There was also hide-and-go-seek with both siblings who did more hiding when they should have been seeking their poor younger sibling left alone in the basement.
So, in the spirit of National Siblings Day, I asked some other Severna Park natives — who still live in the area — to share some of their favorite sibling memories.
Growing up in Round Bay, Tara Gardner is the oldest of three girls with younger sisters Julie Gardner Seiferth and Kendyl Gardner Whiteley. Tara shared that when playing lacrosse and field hockey at Severna Park High School with middle sister, Julie, there was never a dull moment.
“For lacrosse, I played defense and Julie was offense,” said Gardner. “We’d mark up against each other in practice and give each other a hard time. I’d grab her jersey and make it difficult for her to get the ball. However, when it came time for a real game, we loved being on the same team. As I cleared the ball up field, I’d always look for Julie in the midfield, and it was so rewarding to see her score a goal.”

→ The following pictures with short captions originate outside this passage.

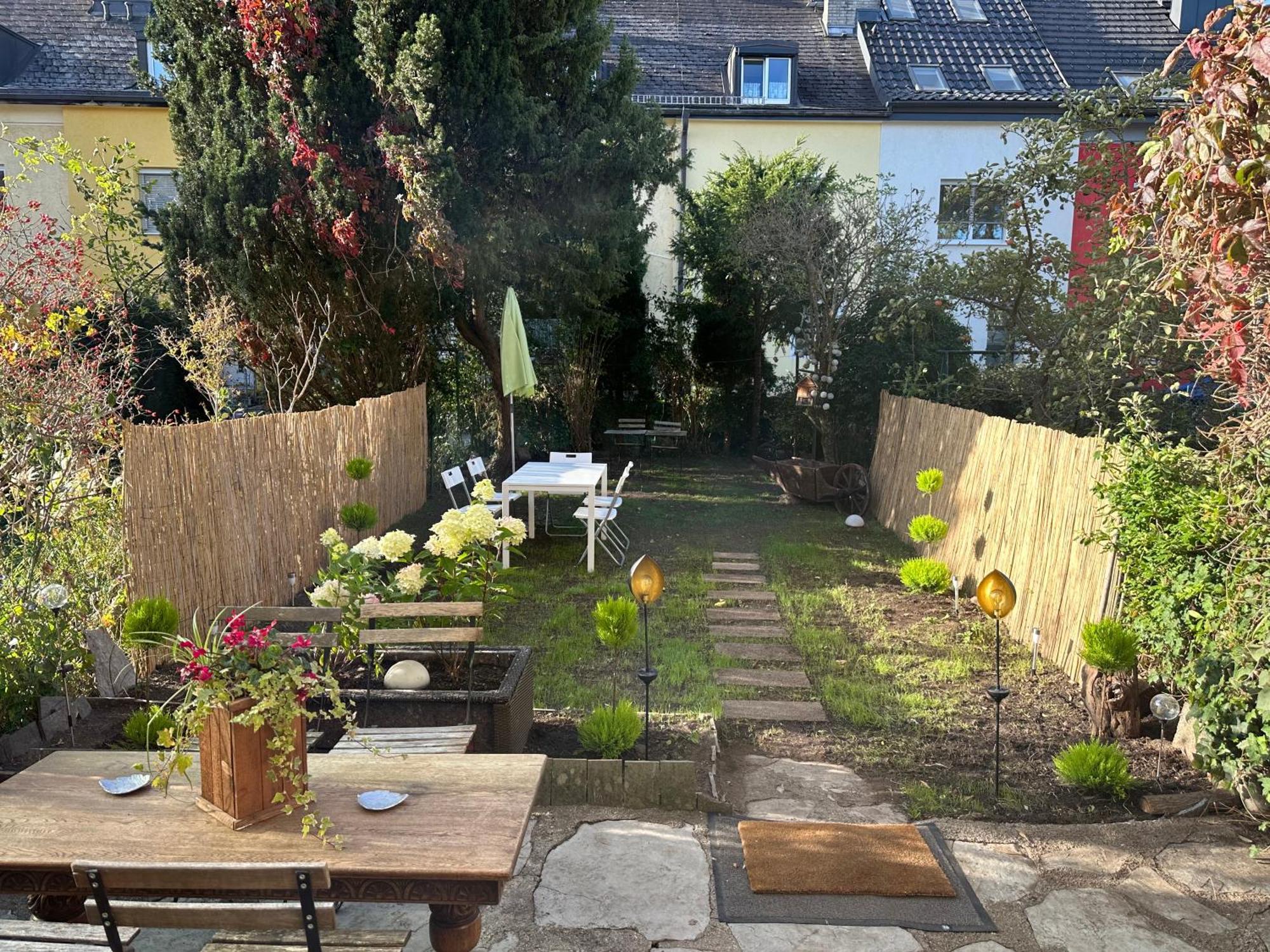 The Peaceful Garden & Free Parking *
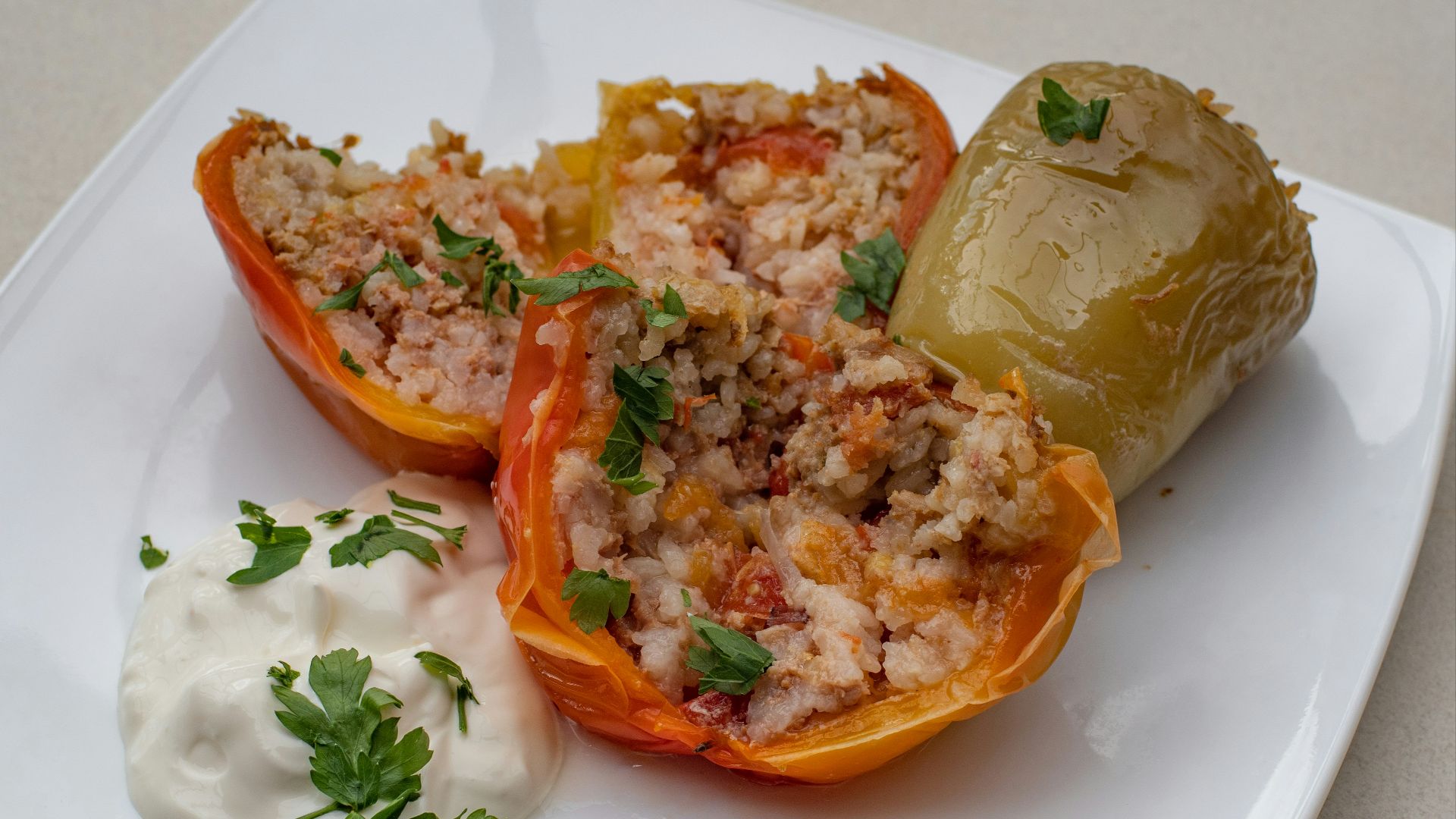 13. Poivrons farcis au riz complet épicé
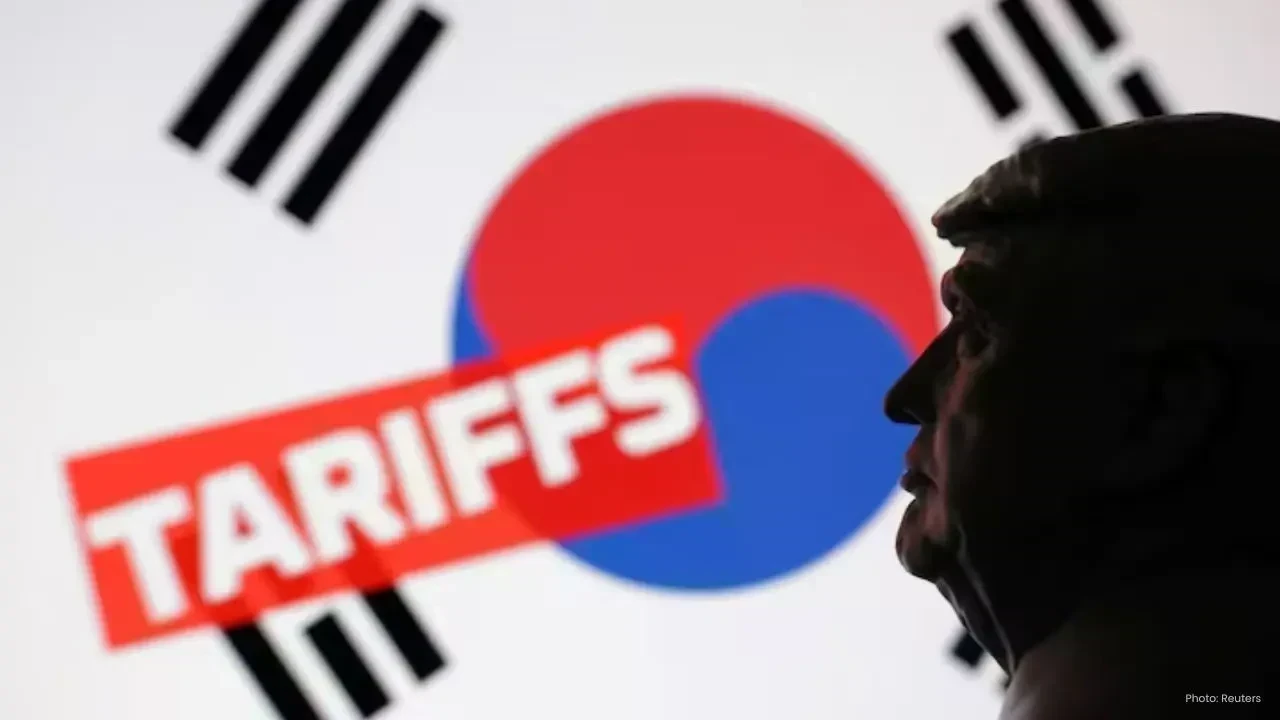 Trump Slaps 25% Tariff on AI Chips, Korea Faces Ripple Impact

Gardner would go on to play lacrosse at Loyola University Maryland in Baltimore and Seiferth at the University of Virginia in Charlottesville. They played against each other in college, but Gardner would always think back to their days on the high school field together.
“We kept each other motivated by staying in shape in the off season and working on skills outside of practice, which added to our connection on the field,” said Gardner.
Clearly one of Seiferth’s biggest fans, Gardner shares, “watching her blossom into the All-American player she became was pretty amazing to witness as an older sister.”
The oldest of three boys, Ben Hunt grew up in Arnold. His parents still live in the same house on one of the last streets within the Severna Park school district, or else the boys would have gone to the rival, Broadneck High School.
“Our dad played lacrosse at Fairleigh Dickinson University, so naturally we all played lacrosse as well,” said Hunt.
Hunt shared that being the oldest brother came with its advantages and disadvantages but he wouldn’t change his birth order if presented the opportunity.
“Advantage, I never played goalie in the backyard and my two younger brothers would have to take turns jumping in the cage. Disadvantage, my younger brothers, Chris Hunt and Connor Hunt could sit back, watch and learn from my mistakes.”
All three Hunt boys attended the University of North Carolina at Chapel Hill to play lacrosse and still remain close.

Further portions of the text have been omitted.